Targeting Chromatin Remodelers to Enhance Neuroblastoma Differentiation Therapy
Mentor Name: Thomas Look
Neuroblastoma is the most common extracranial solid tumor of childhood and arises from progenitor cells of the peripheral sympathetic nervous system that are arrested at early stages of differentiation. Despite intensive multimodal therapy—including high-dose chemotherapy, stem cell rescue, immunotherapy, and post-consolidation treatment with retinoic acid—children with high-risk neuroblastoma continue to have poor outcomes. Tumor recurrence is frequently associated with resistance to conventional therapies, resulting in a devastating prognosis. Thus, there is an urgent need to develop new therapeutic strategies that improve long-term outcomes for patients with high-risk neuroblastoma. Retinoic acid, which is used as post-consolidation therapy to induce neuronal differentiation and growth arrest in neuroblastoma cells, promotes cell cycle arrest and differentiation through rewiring of the enhancer landscape and alteration the transcriptional programs; however, these antiproliferative and gene-regulatory effects are often transient and reversible upon drug withdrawal, limiting its long-term efficacy. To identify pathways that enhance the durability of retinoic acid–induced differentiation, we performed a genome-wide CRISPR/Cas9 dropout screen using approximately 18,000 guide RNAs in retinoic acid–treated neuroblastoma cells.

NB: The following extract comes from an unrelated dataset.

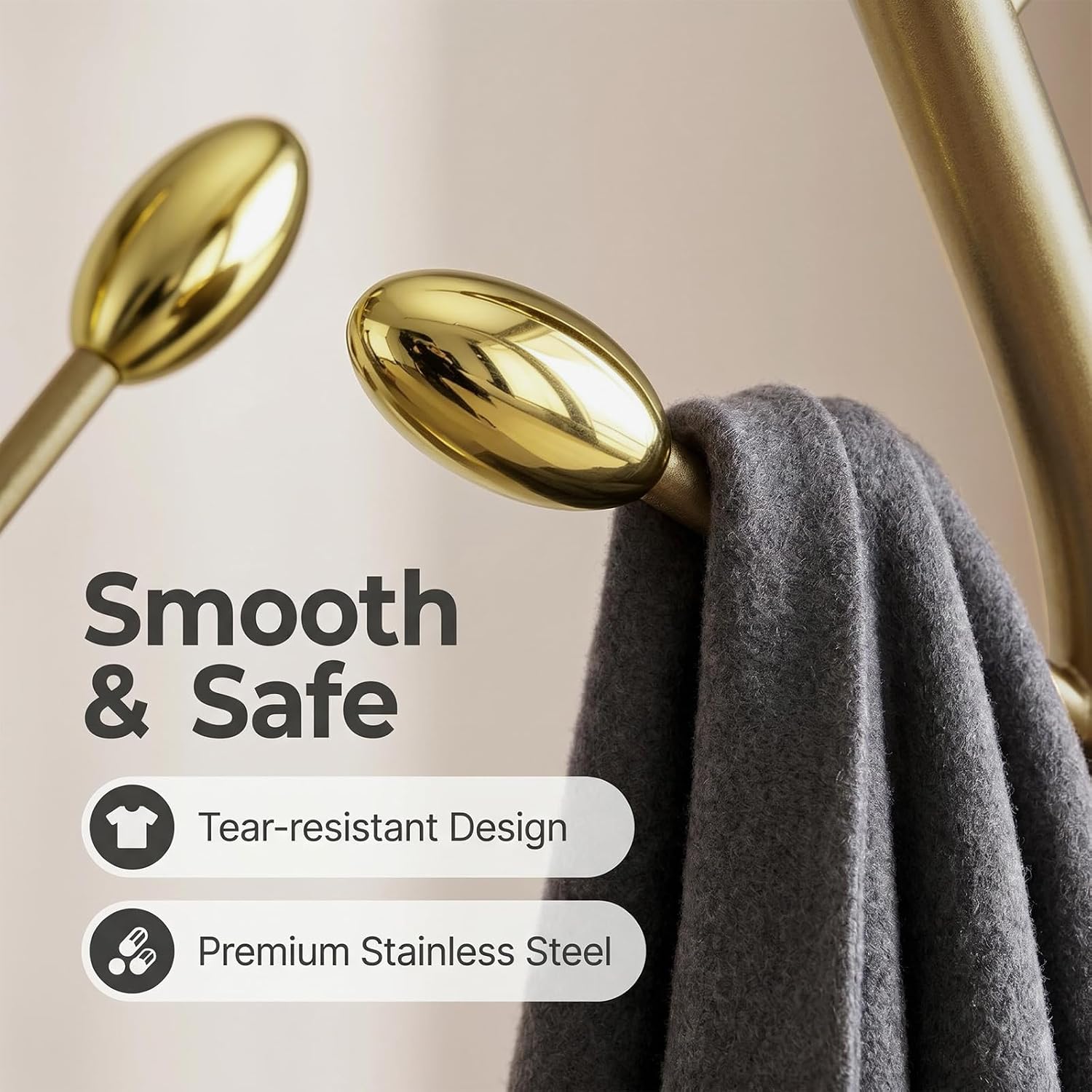 Coat Rack Freestanding, Artistic Tree-Shaped Gold Metal Hall Tree with Heavy-Duty Marble Base, Elegant Corner Garment & Purse Tree with 8 Rounded Hooks for Entryway, Bedroom, Office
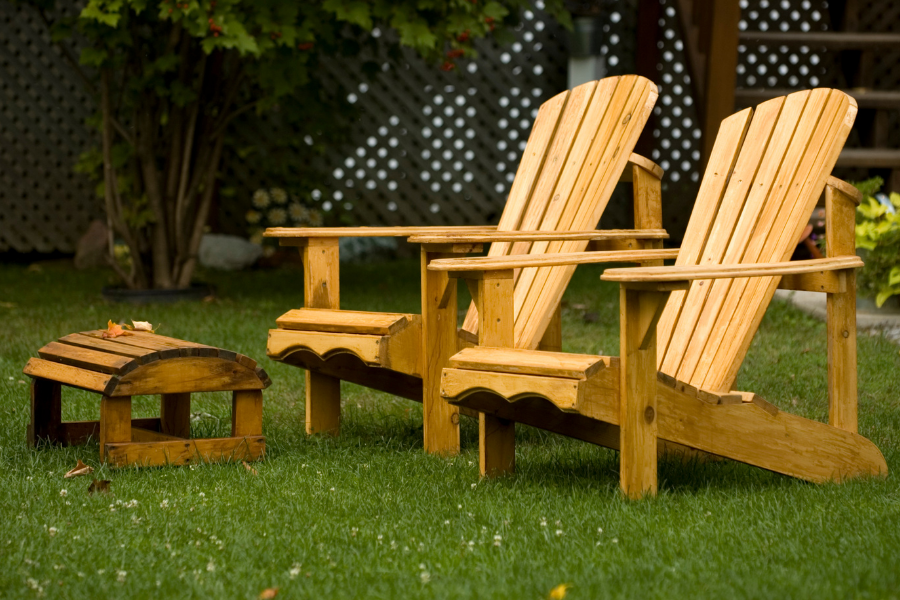 Patio furniture as a father's day gift.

This screen identified members of the SWI/SNF chromatin remodeling complex as key regulators of retinoic acid sensitivity. Preliminary follow-up studies confirmed that pharmacologic inhibition of the SWI/SNF complex enhances the antiproliferative effects of retinoic acid in neuroblastoma. Building on these findings, this project will dissect the molecular mechanisms by which disruption of SWI/SNF chromatin remodeling augments retinoic acid–mediated growth suppression and differentiation. Using genetic silencing of SWI/SNF components that scored highly in our CRISPR screen and pharmacologic inhibition of the complex’s catalytic activity, we will investigate how changes in chromatin accessibility alter retinoid sensitivity, neuronal differentiation and cell fate decisions. We will employ in vitro functional assays and chromatin profiling approaches to define how targeting chromatin remodeling mechanisms may improve differentiation-based therapies for children with high-risk neuroblastoma.